*INSTRUCTIONS TO FOLLOW:* The records that follow should be returned exactly, pictures excluded.

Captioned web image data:
☆ ☆ ☆
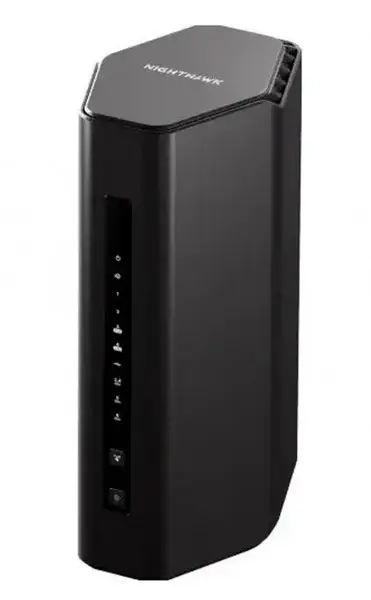 Router Wireless NetGear Nighthawk RS300-100EUS, WiFi 7 (Negru)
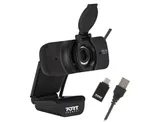 Webcam PORT Full HD 1080P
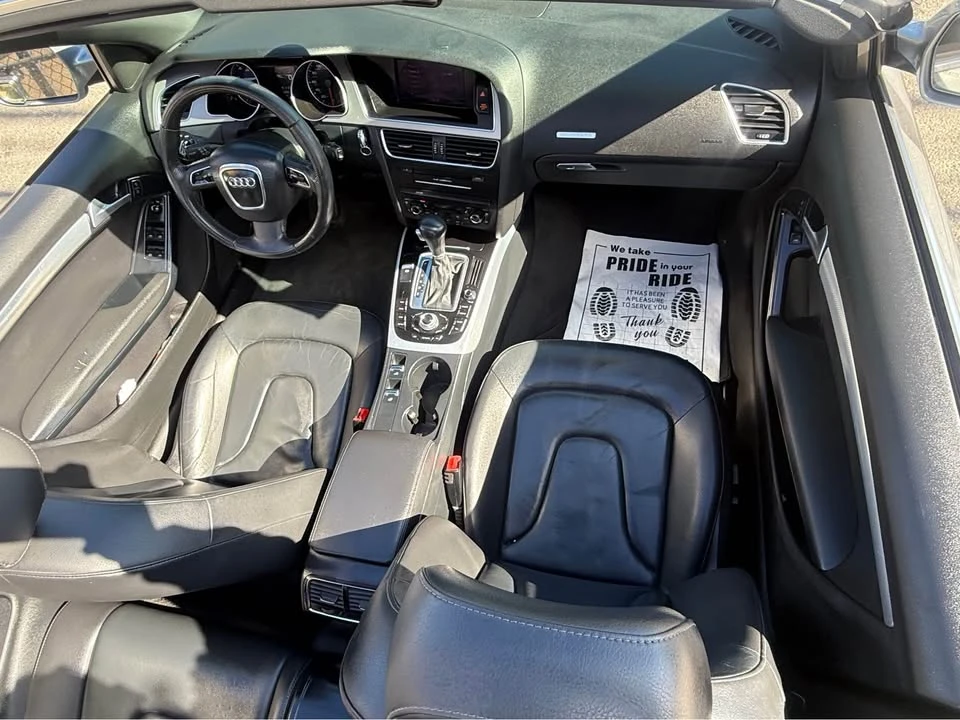 2010 Audi B8 A5 - Image 6 of 20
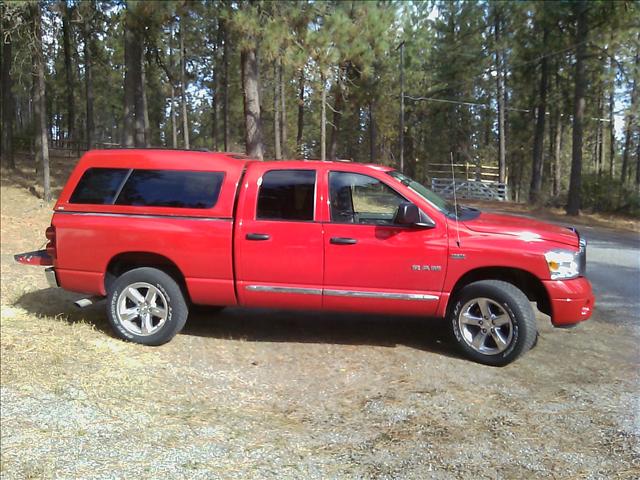 2008 Dodge Ram 1500 Prerunner SR5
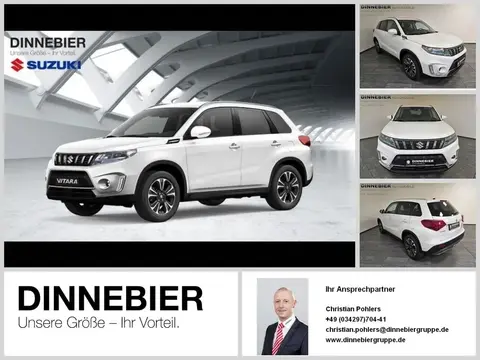 Used SUZUKI VITARA Hybrid 2021 Ad 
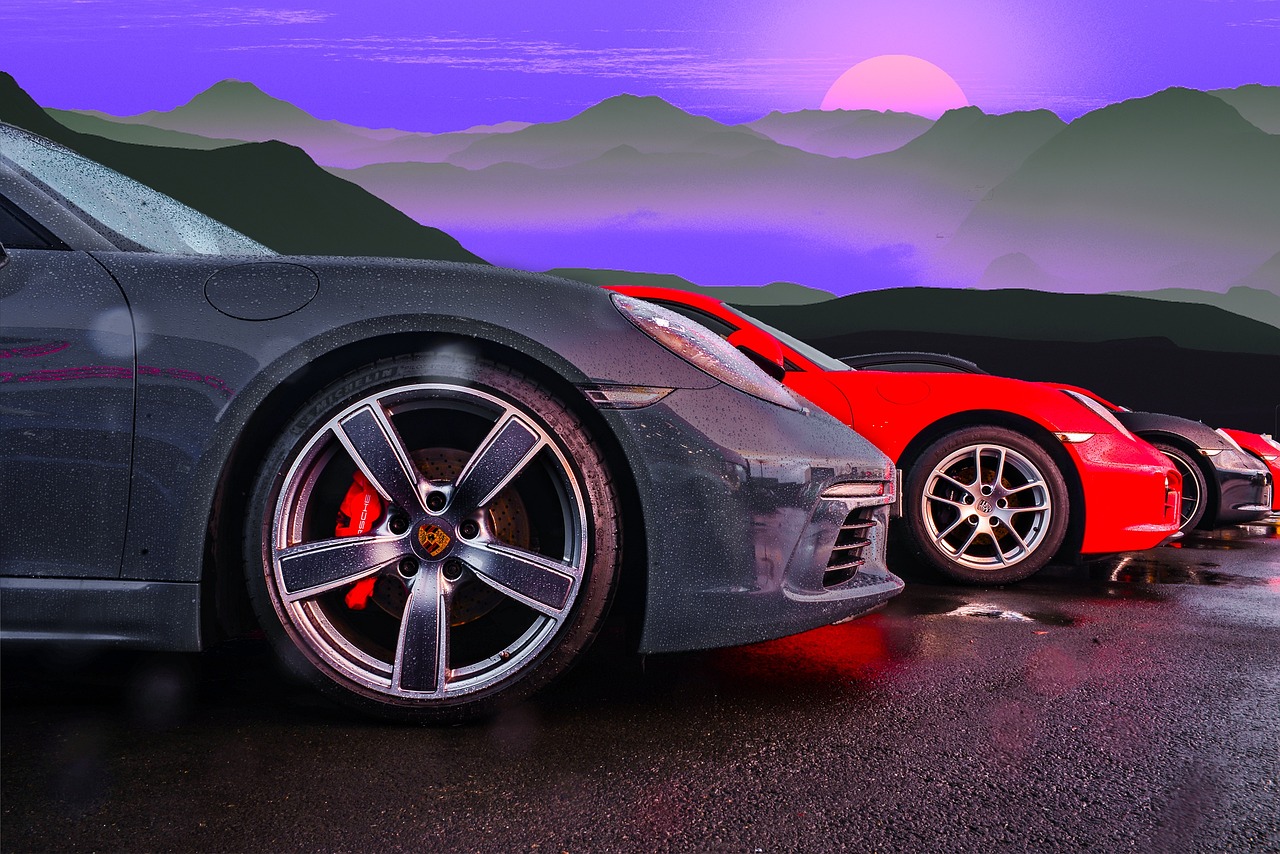 Porsche nutzt Xpeng-Emissionspool für Neuausrichtung auf Verbrennungsmodelle
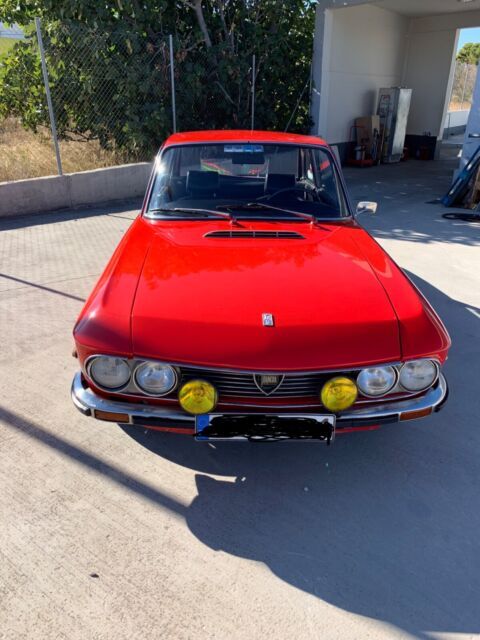 1973 Lancia Fulvia Historic rally original. - photo 8
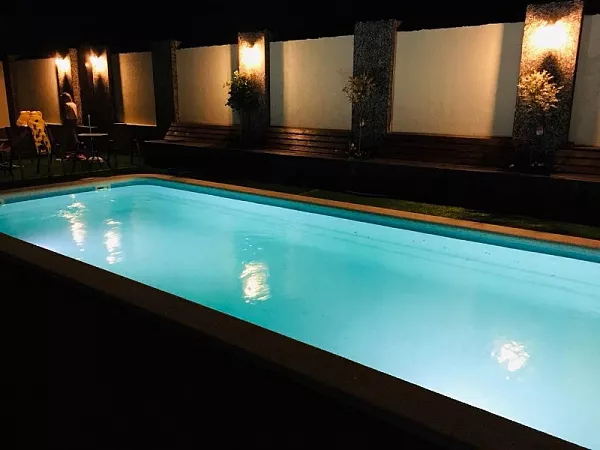 . Гостевой дом "Санрайз". Нижнее Джемете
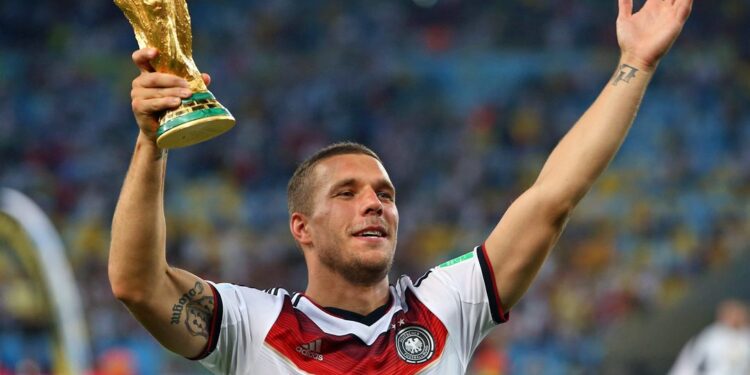 Ex-Arsenal, Bayern Munich striker Lukas Podolski expresses interest in playing for African giants Al Ahly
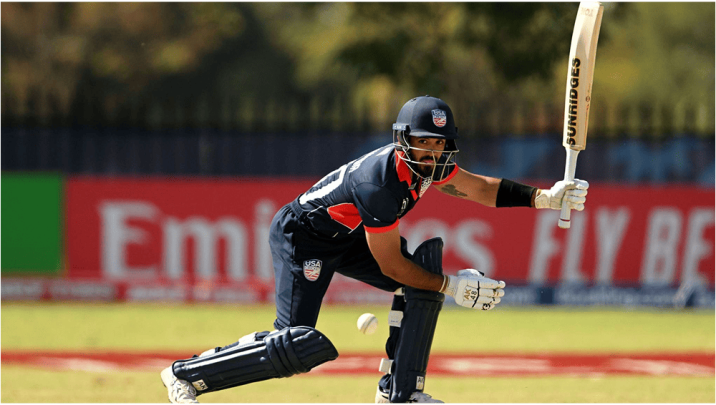 Shayan Jahangir calls for more funding for Associate teams from ICC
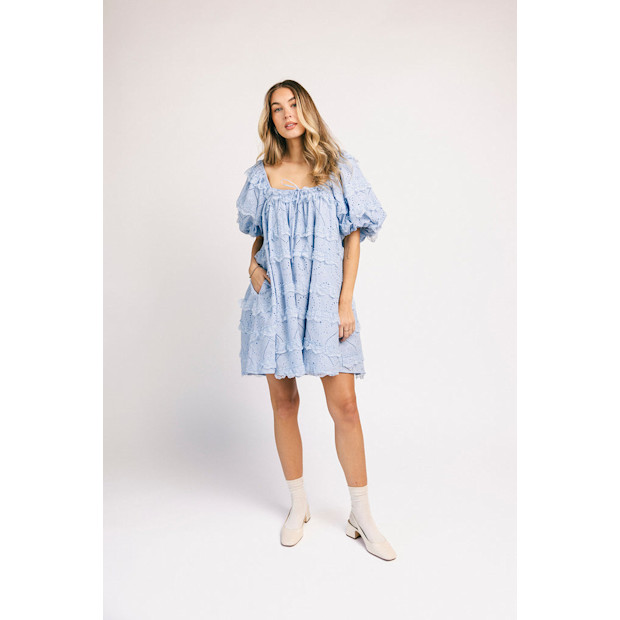 Zoco romance era dress.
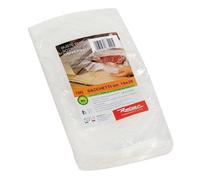 Sac alimentaire de 100 poches gaufrées Reber Blanc 20x30 cm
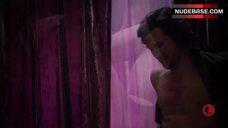 2. Nikki Leigh Sexy Scene – Open Marriage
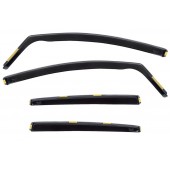 Дефлектор вікна для Toyota Verso 2009 -> 5D 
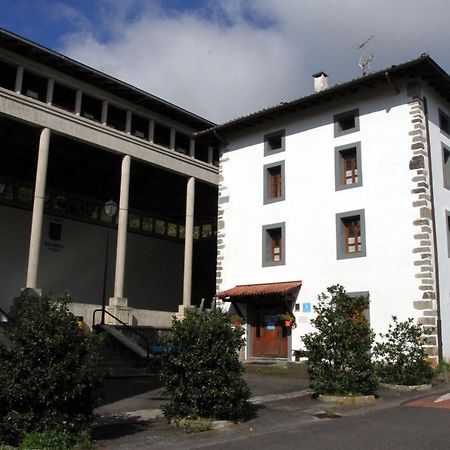 Beizamako Aterpetxea - Albergue Turistico De Beizama Extérieur photo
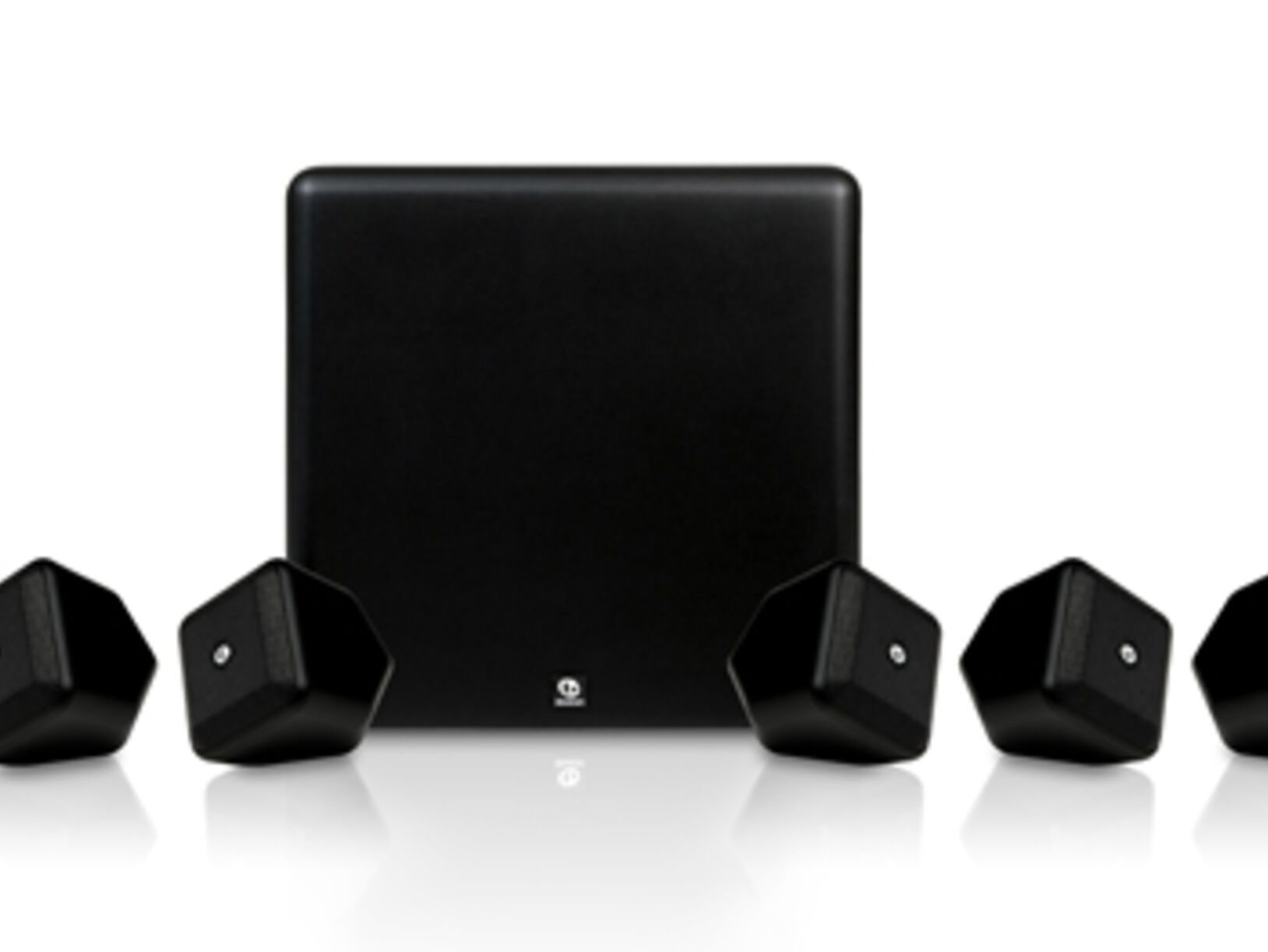 Boston Acoustics speakers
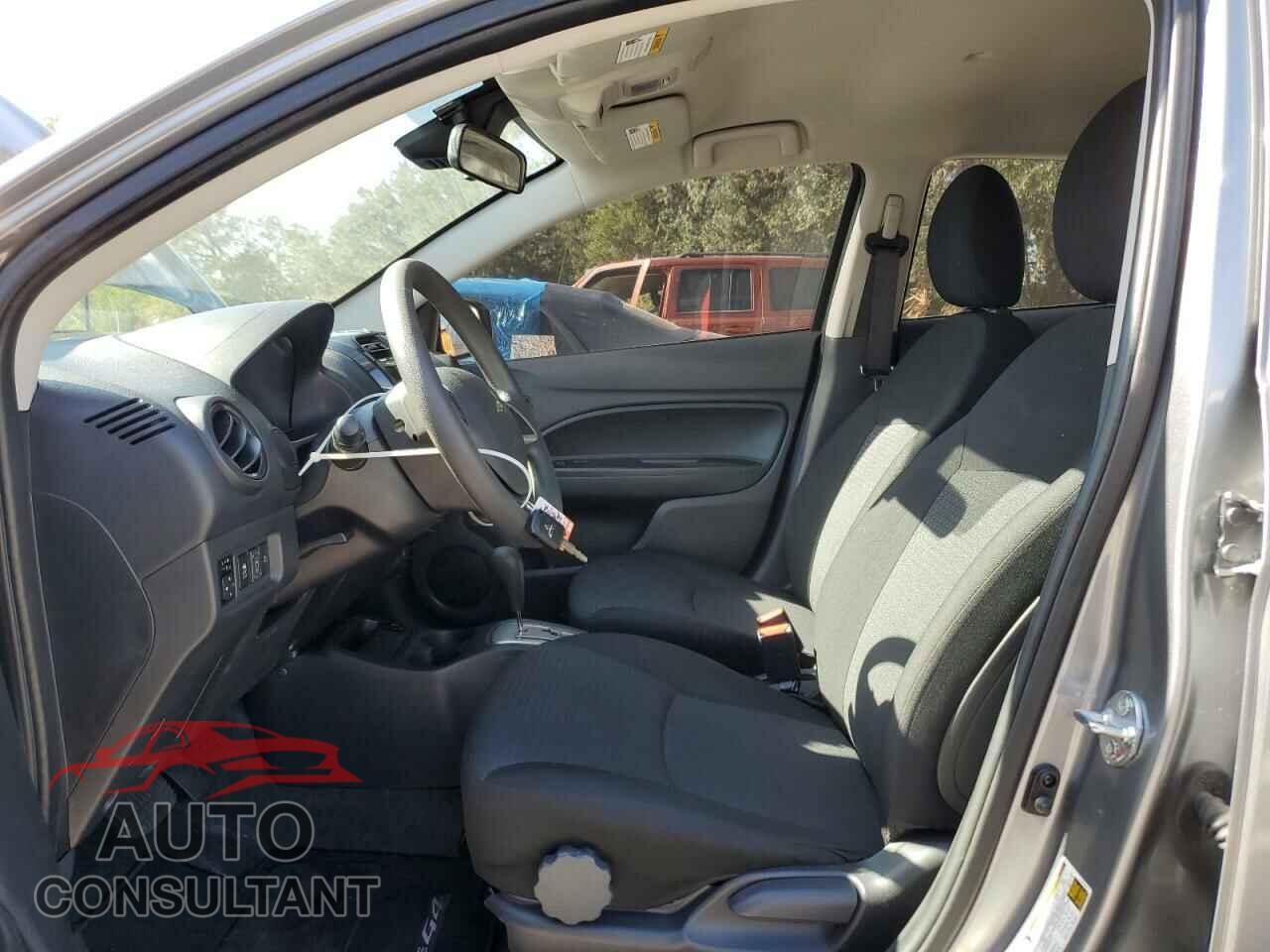 MITSUBISHI MIRAGE 2023 - ML32FUFJ9PHF03817
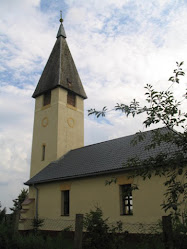 Nyírmártonfalvai református templom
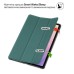 Чохол до планшета BeCover Smart Case Samsung Galaxy Tab S11 (SM-X730/X736) 11.0" Dark Green (714648)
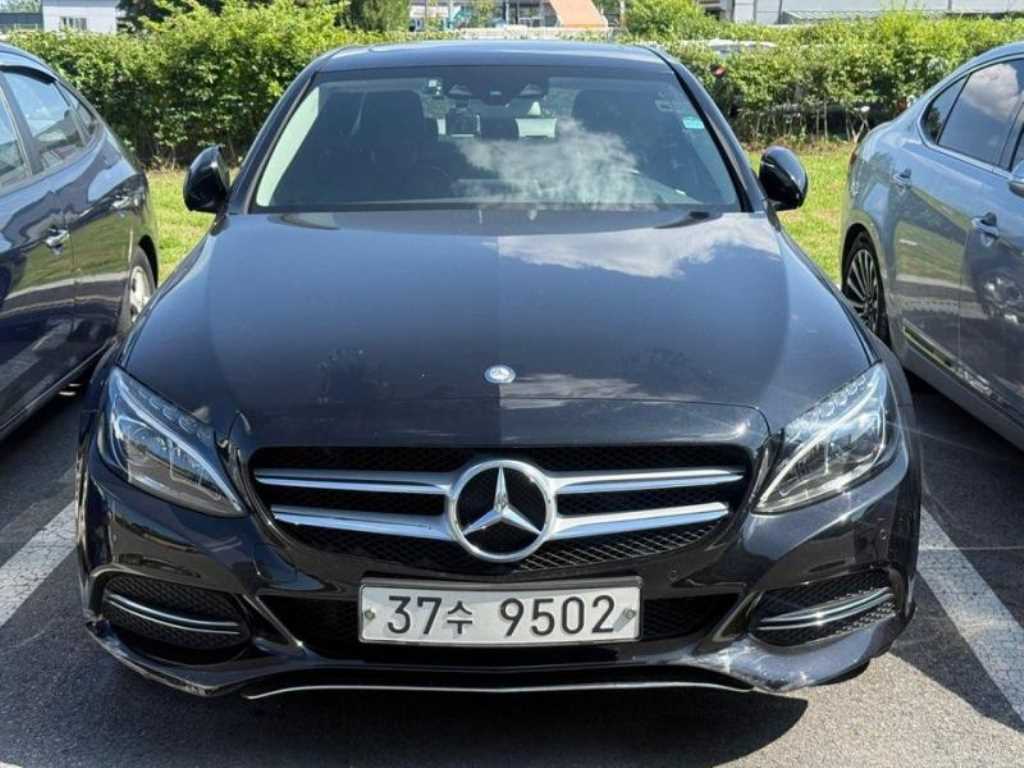 Mercedes Benz C Class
☆ ☆ ☆
*ANSWER SPACE:*
 Router Wireless NetGear Nighthawk RS300-100EUS, WiFi 7 (Negru)
 Webcam PORT Full HD 1080P
 2010 Audi B8 A5 - Image 6 of 20
 2008 Dodge Ram 1500 Prerunner SR5
 Used SUZUKI VITARA Hybrid 2021 Ad 
 Porsche nutzt Xpeng-Emissionspool für Neuausrichtung auf Verbrennungsmodelle
 1973 Lancia Fulvia Historic rally original. - photo 8
 . Гостевой дом "Санрайз". Нижнее Джемете
 Ex-Arsenal, Bayern Munich striker Lukas Podolski expresses interest in playing for African giants Al Ahly
 Shayan Jahangir calls for more funding for Associate teams from ICC
 Zoco romance era dress.
 Sac alimentaire de 100 poches gaufrées Reber Blanc 20x30 cm
 2. Nikki Leigh Sexy Scene – Open Marriage
 Дефлектор вікна для Toyota Verso 2009 -> 5D 
 Beizamako Aterpetxea - Albergue Turistico De Beizama Extérieur photo
 Boston Acoustics speakers
 MITSUBISHI MIRAGE 2023 - ML32FUFJ9PHF03817
 Nyírmártonfalvai református templom
 Чохол до планшета BeCover Smart Case Samsung Galaxy Tab S11 (SM-X730/X736) 11.0" Dark Green (714648)
 Mercedes Benz C Class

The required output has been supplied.